Beaucoup de bruit pour finalement pas grand-chose. Pressé par l'opinion publique et la gauche, le gouvernement avait consenti à instaurer une taxe temporaire sur les rentes pétrolières durant la crise énergétique en décembre 2022. Un pas de côté sur son dogme fiscal qui n'a pas autant rapporté qu'espéré.
La contribution temporaire de solidarité (CES) n'a finalement dégagé que 69 millions d'euros en 2022, selon une note de blog de l'Institut des politiques publiques (IPP) publiée ce jeudi matin. Un résultat d'autant plus décevant que l'exécutif avait pourtant placé la barre assez basse. Le gouvernement espérait récupérer quelque 200 millions d'euros. Les économistes de l'IPP se montraient plus optimistes, tablant sur une contribution de 3 milliards d'euros.
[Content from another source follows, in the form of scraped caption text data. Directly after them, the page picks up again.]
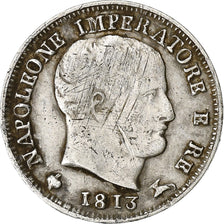 États italiens, KINGDOM OF NAPOLEON, Napoléon I, 5 Soldi,1813, Milan, Argent, TB
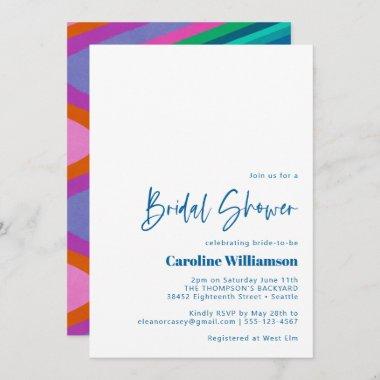 Groovy Colorful Lines Unique Retro Bridal Shower Invitations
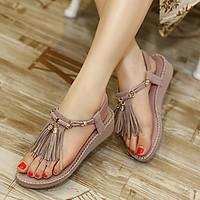 Women\'s Shoes Leatherette Wedge Heel Wedges Slingback Sandals Dress Purple / Almond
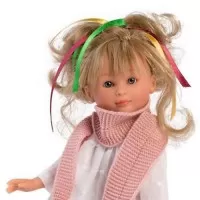 Papusa Celia cu pantaloni rosii si camasa alba 30 cm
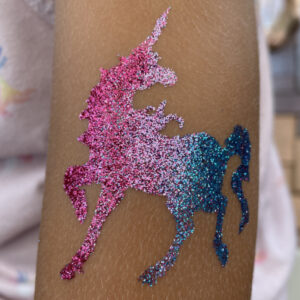 Pink, lavender and blue glitter tattoo unicorn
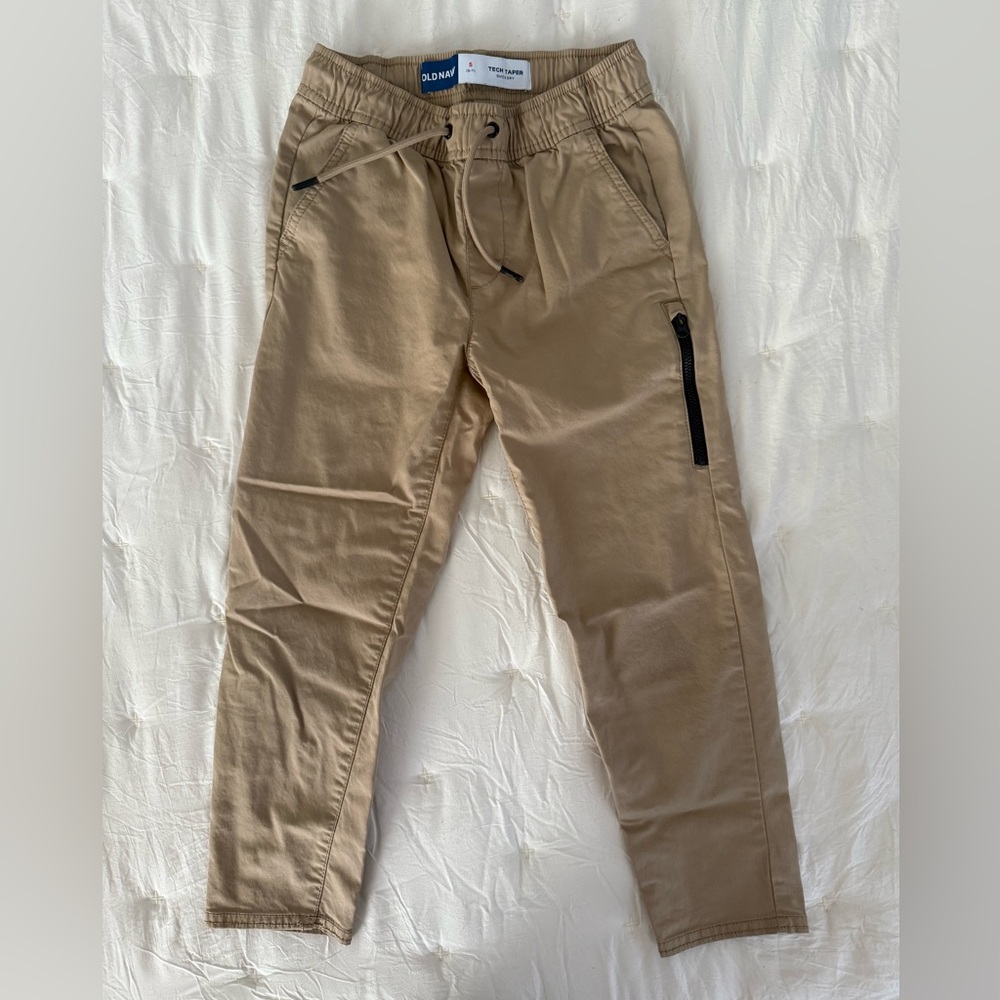 Old Navy Tan Tapered Tech Pants for Boys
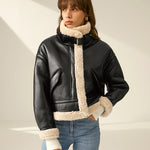 Loose Lapel Thick Velvet Imitation Leather Jacket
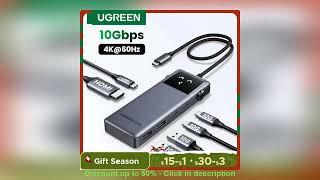 UGREEN Uno USB C HUB 6-in-1 4K60Hz PD100W 10Gbps USB3.2 Splitter Adapter for Laptop Macbook Pro A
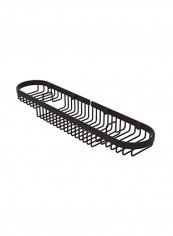 Oval Combination Shower Basket Black 18.8x4.1x2.2inch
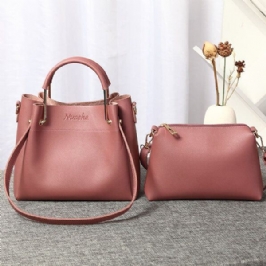 Naisten Keinonahkainen Kaksiosainen Setti Bucket Bag -käsilaukku
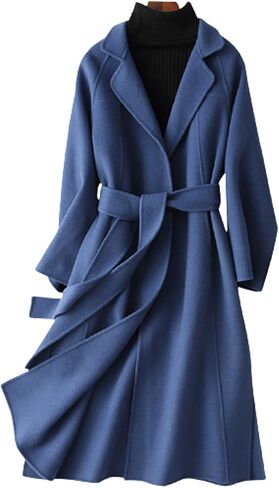 Womens Wool Coats Cashmere Trench Autumn Winter Solid Color Slim Warm Long Overcoat Cardigan Jackets Outwear with Belt,Blue,L in Saudi Arabia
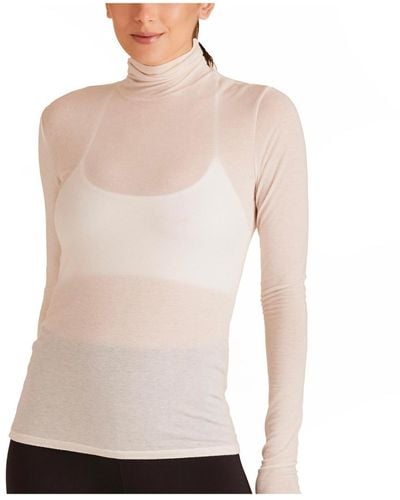 Alala Regular Size Washable Cashmere Turtleneck Long Sleeve T-shirt - White
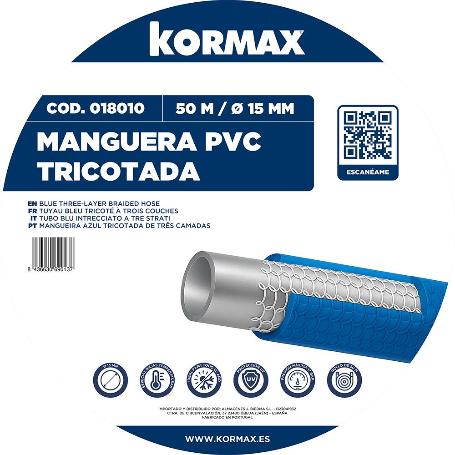 MANGUERA AZUL TRICOTADA 15MM 17 BAR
Périmètre de la taxe restreint
Comment expliquer l'écart entre les diverses estimations et le modeste butin empoché par le fisc? L'auteur de la note, Laurent Bach, professeur de finances à l'Essec et coresponsable du pôle entreprises de l'IPP, signale qu'un grand nombre d'entreprises ont été exclues du périmètre sectoriel de la taxe.
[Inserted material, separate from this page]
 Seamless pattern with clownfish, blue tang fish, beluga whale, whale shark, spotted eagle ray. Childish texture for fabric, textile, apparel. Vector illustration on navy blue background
"Par exemple, si vous achetez du pétrole brut et que vous revendez du pétrole raffiné, mais que vous faites appel à un sous-traitant pour l'activité de raffinage, votre marge n'est pas considérée comme un superprofit - même si vous contrôlez ce sous-traitant à 100 %", soulève l'économiste.
Ces entreprises épargnées étaient pourtant ciblées par l'accord initial conclu entre les Etats membres de l'Union européenne sur les "superprofits" des producteurs d'énergie. Leur retrait a été décidé par Bercy lors de la transposition du règlement dans le droit français.
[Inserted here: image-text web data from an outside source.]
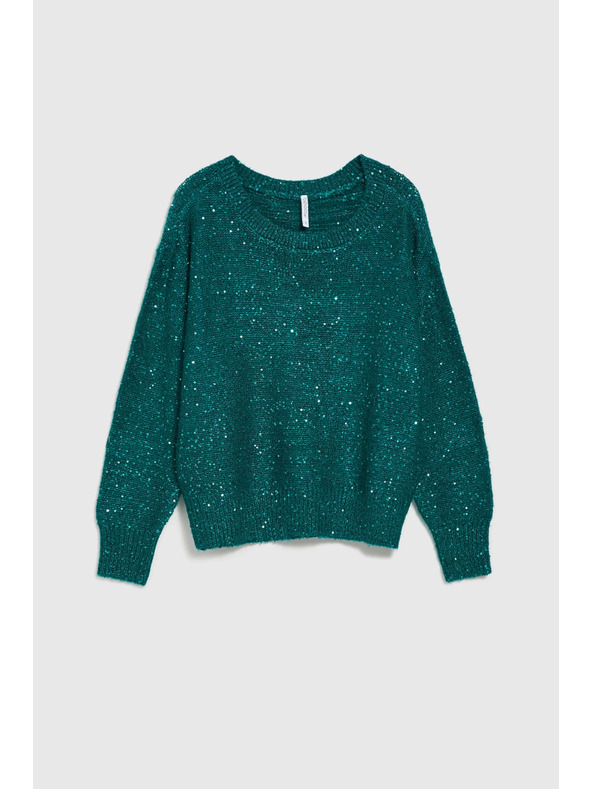 Moodo Sveter s flitrami a okrúhlym výstrihom zelený Moodo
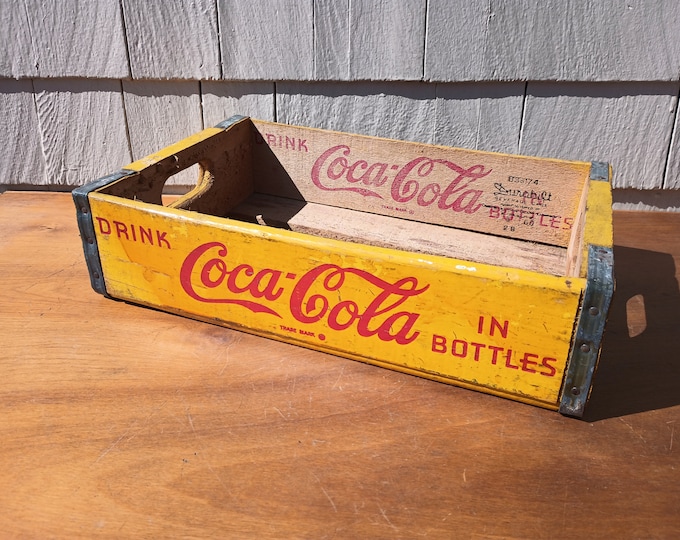 Vintage Coke Crate Classic Red and Yellow Etsy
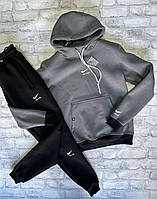 Спортивный костюм мужской "Nike air"  с капюшоном (ткань трехнитка, брюки с манжетом) серый с черным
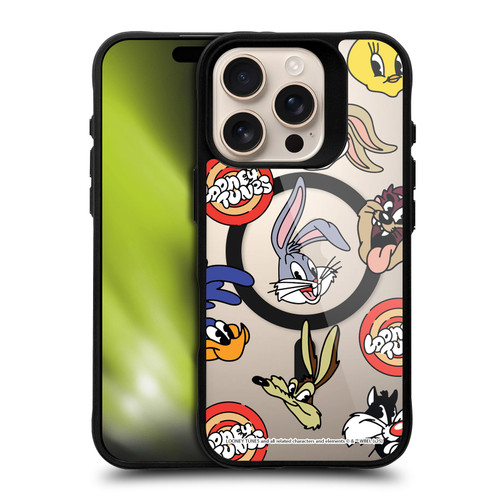Looney Tunes Character Art Faces BLACK SHOCKPROOF BUMPER CASE COMPATIBLE WITH Apple iPhone 16 Pro & MAGSAFE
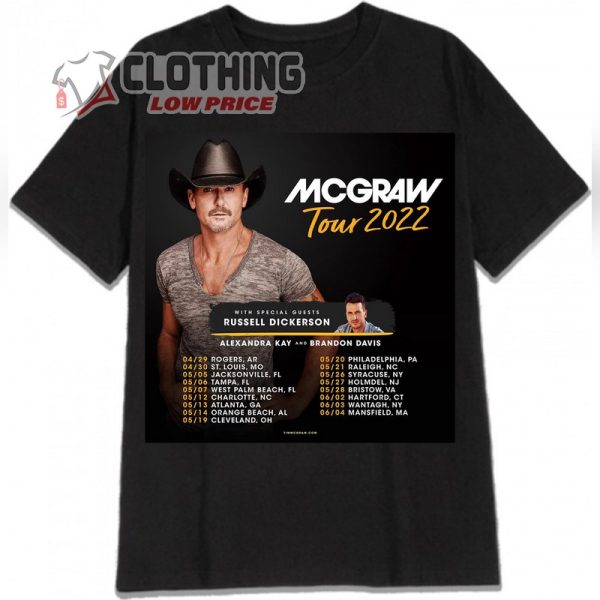 Tim Mcgraw Tour Dates 2023 Hoodie, Tim Mcgraw Tour 2022 Banner With Dates T- Shirt, Tim Mcgraw Tour Tickets Merch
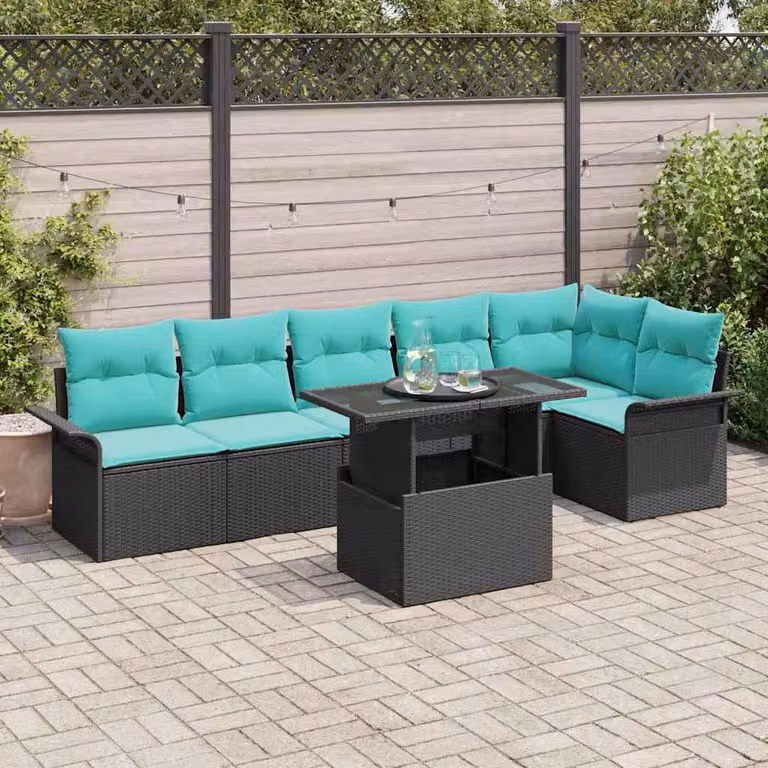 Maison Exclusive - Set da giardino composto da 7 pezzi. Colore: nero. Materiale: rattan sintetico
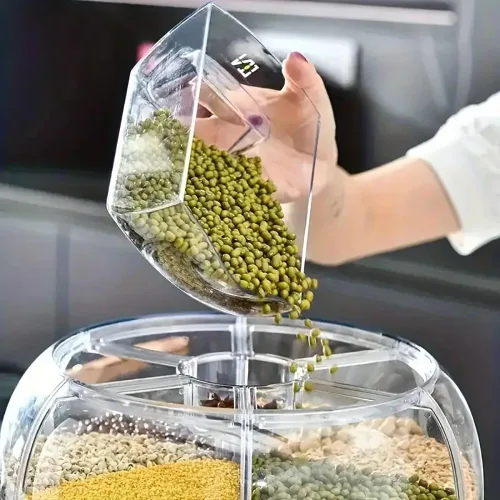 Miniatura 5 de Contenedor giratorio de almacenamiento de granos, dispensador de arroz, recipiente de arroz de 6 compartimentos, dispensador de alimentos giratorio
"Environ 72 % des superprofits réalisés par les entités initialement ciblées par le règlement européen ont été soustraits à la CES sans qu'on puisse dire en quoi il ne s'agit pas de profits exceptionnels causés par la crise énergétique", pointe Laurent Bach.
Angle mort
Autre argument avancé: "l'étendue d’utilisation des pertes fiscales passées". En clair, les groupes pétroliers ont pu reporter les déficits des exercices précédents afin d'amoindrir les bénéfices soumis à la taxation. Si ce dispositif relève de la norme en ce qui concerne l'impôt sur les sociétés, l'économiste pointe néanmoins un angle mort:
"Compte tenu de l'organisation en groupe fiscal de la plupart des contribuables du secteur pétrolier, les pertes des années antérieures ont généralement déjà été utilisées pour réduire l'impôt sur les sociétés du groupe dans sa totalité (..) l'administration a fait comme si ces pertes n'avaient jamais été utilisées auparavant."
Écart de 1 à 20
Une fois ses deux raisons prises en compte, le rendement attendu passe de trois milliards à 670 millions. Ce qui reste près de 10 fois supérieur à la somme récupérée par Bercy. La faute à des marges très faibles réalisées par les groupes pétroliers en France. Stratégie "de déplacement de profits" ou "véritable inefficience relative du raffinage français"? L'expert botte en touche en raison “d'informations suffisantes".
Pour rappel, l'autre taxe visant les superprofits des énergéticiens, la contribution sur la rente inframarginale (Crim) a, elle aussi, eu un rendement en deçà des atttentes. Alors que Bercy tablait sur des recettes de 12,3 milliards, la contribution des producteurs d'électricité n'a rapporté que 625 millions d'euros. Soit un écart de 1 à 20.